Synchronisation¶
This section describes the basic aspects of synchronisation using Kinto.
Note
If you are looking for a ready-to-use synchronisation solution, jump to Implementations.
The basic idea is to keep a local database up to date with the Kinto server:
- Remote changes are downloaded and applied on the local data.
- Local changes are uploaded using HTTP headers to control concurrency and overwrites.
In short:
- Poll for remote changes using
?_since=<timestamp>
- Apply changes locally
- Send local creations
- Use concurrency control to send local updates and deletes
Polling for remote changes¶
Kinto supports range queries for timestamps. Combining them with the sort parameter allows to fetch changes in a particular order.
Depending on the context (latest first, readonly, etc.), there are several strategies to poll the server for changes.
Important
- Timestamps are unique.
- Deleted records have an attribute
delete: true
. - Created/updated records are both returned in their new version.
- Since Kinto does not keep any history, there is no diff for updates.
Pagination¶
By default, Kinto does not paginate the records list. Since an explicit limit can be set in the server settings, clients must handle pagination when polling for changes.
In order to reduce the size of response payloads, the client can also force the
pagination using the ?_limit=<nb>
querystring parameter.
Pagination basically consists in fetching the list while the Next-Page
response header
is present. The Next-Page
header is the full URL of the next page.
Note
Pagination requests carry every necessary parameter to be reproduced in case of connectivity error.
Strategy #1 — Oldest first¶
The simplest way to obtain the changes is to sort the records by timestamp ascending.

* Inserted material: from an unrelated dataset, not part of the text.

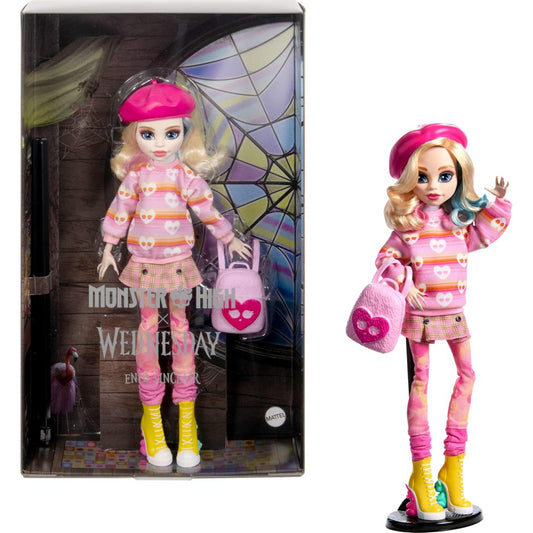 Monster High Wednesday Enid Sinclair Doll with Pink Fashion Beret and Stand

We will use sort=last_modified
and _since=<timestamp>
:
- First sync:
timestamp := 0
- Next sync:
timestamp := MAX(local_records['last_modified'])
- Fetch
GET /buckets/<bid>/collections/<cid>/records?_sort=last_modified&_since=<timestamp>
- If response is
200 OK
, handle the list of remote changes. - If response has
Next-Page
header, follow full URL in header. - If list of changes is empty, done → up-to-date.
If an error occurs during the retrieval of pages, the synchronisation can be resumed transparently, since the pages are obtained with ascending timestamps, and the next sync relies on the highest timestamp successfully stored locally.
Strategy #2 — Newest first¶
In order to populate a UI, it might be relevant to obtain the latest changes first.
Syncing newest records first is a bit more complex since changes can occur between the retrieval of the first and the last pages.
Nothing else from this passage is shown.